Food & Drink Magazine

Spud-wiser

By Patinoz

It was an offer I couldn’t refuse – a chance to learn more about the humble spud.  In fact, I wouldn’t be where I was today if it weren’t for the potato. In Ireland in 1845 late blight fungus devastated the crop which had formed a major part of the Irish diet.  During the next half decade a million people died of starvation and a further million emigrated. Several of my forebears were part of this Irish Diaspora, traveling to the other side of the world seeking a better life for their families.

While I am enthusiastic tatie consumer, as a Kiwi, I am still learning about the characteristics of the various potatoes grown in Australia.  I was invited to attend a potato cooking class at the LG Kitchen at South Melbourne Market, conducted by Emma Mackay, a chef and industry trainer. Time to be a student again.

On hand was Georgie from Georgie’s Harvest on the Coventry Street side of the market where she sells upwards of 20 potato varieties as well as pumpkins, onions, herbs, chillies, garlic and olive oil.

Spud-wiser

Meet the spud – Vikings, Royal Blue, Blue Zhar, Nicola and Dutch Cream

 

She introduced us to a number of currently available potatoes. The reddish purple Vikings from Tasmania were earmarked for a gnocchi dish. Then there were Royal Blues from Victoria, best known for their chipping qualities.  Next were the Blue Zhars which Georgie said were the best mashers. Hers came from a small boutique farmer in Tasmania. They were also to be used in our gnocchi dish.

The Nicola spud is the one to buy if you’re not sure what to cook, she says, It’s generally brushed and has a low GI.  Next was the Dutch Cream. In the dark underworld of potatodom, it can also be sold as a Nicola. It’s generally presented dirty.

Georgie said Nicola and Dutch Cream were similar texturally but the latter was sweeter and yellower. The No 1 seller, it is good for mashing.

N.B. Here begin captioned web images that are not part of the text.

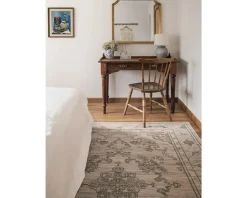 Rugvista Klint matta 140 x 200 cm beige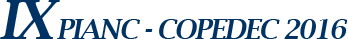 9º PIANC-COPEDEC 2016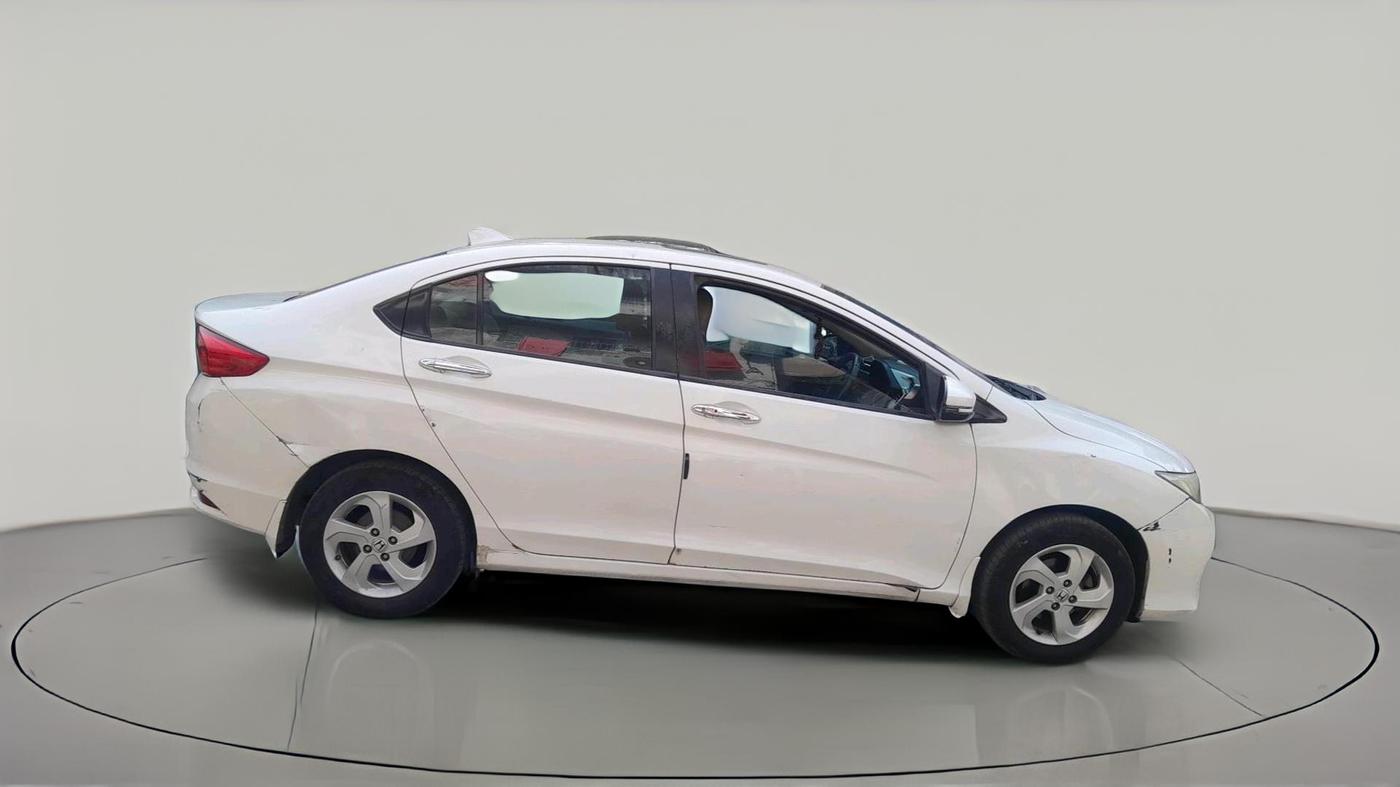 2015 Honda City 1.5L I-VTEC VX, Petrol, Manual, 1,13,662 km, exterior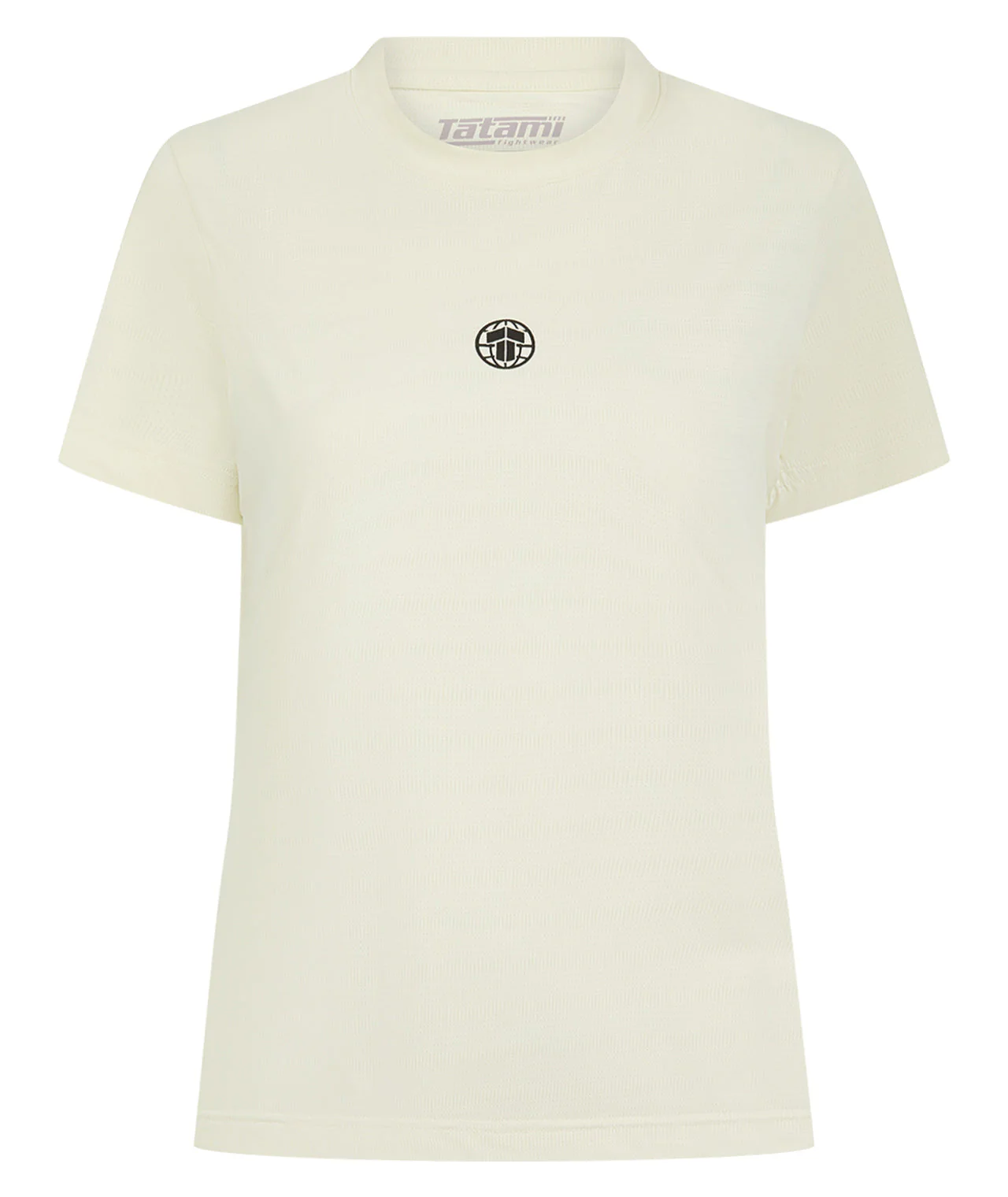 Ladies Enduro Dry Fit Mesh T-Shirt - Yellow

“If I could sell only one potato, it would be the Dutch Cream.”

Spud-wiser
Emma shows how to use the potato ricer

 

It was time to roll up our sleeves and make some gnocchi.  Emma had boiled some Blue Zhar and Vikings and these were passed to us to peel and then mash with our weapons of choice – a potato ricer, a masher or a fork. We mixed in  some flour and salt to make a firm smooth dough which we rolled into long tubes and cut into little pillows. Next time I might tackle the Nonna skill of marking the gnocchi with fork tines, though Emma said the pillows were good enough for her.

Spud-wiser
Working on our gnocchi like true professionals

 

She cooked them in boiling salted water till they floated to the top.  They went onto an oiled tray to wait while she made a very simple Napoli sauce from bottled tomato sugo, garlic sweated in oil, salt and pepper and a spoon of brown sugar to temper the acidity of the sugo.

Spud-wiser
Georgie shaves the parmesan for our beautiful gnocchi dish while the cameras record our masterpiece.

 

Spud-wiser
Dishing up the gnocchi. Clearly we were all parmesan fans, big time.

 

Our gnocchi were light and perfect with the sauce, fresh basil and parmesan.  Not bad for a first effort for most of us.

Spud-wiser

A delicate chowder packed with beautiful fresh seafood

 

Pink Eye potatoes with their creamy flesh and pink blotched skins were the choice for a striking seafood chowder packed with mussels, prawns, crab, clams and blue grenadier.

Spud-wiser
Nicoise salad, beautifully executed by Emma

 

Pink Fir potatoes – long cylindrical ones not unlike kipfler – starred in Emma’s classic Nicoise salad with its blanched green beans, cherry tomatoes, anchovies, olives, hard-boiled eggs and a white balsamic and olive oil dressing served with some simple canned tuna and Dutch Cream crispy pommes noisette.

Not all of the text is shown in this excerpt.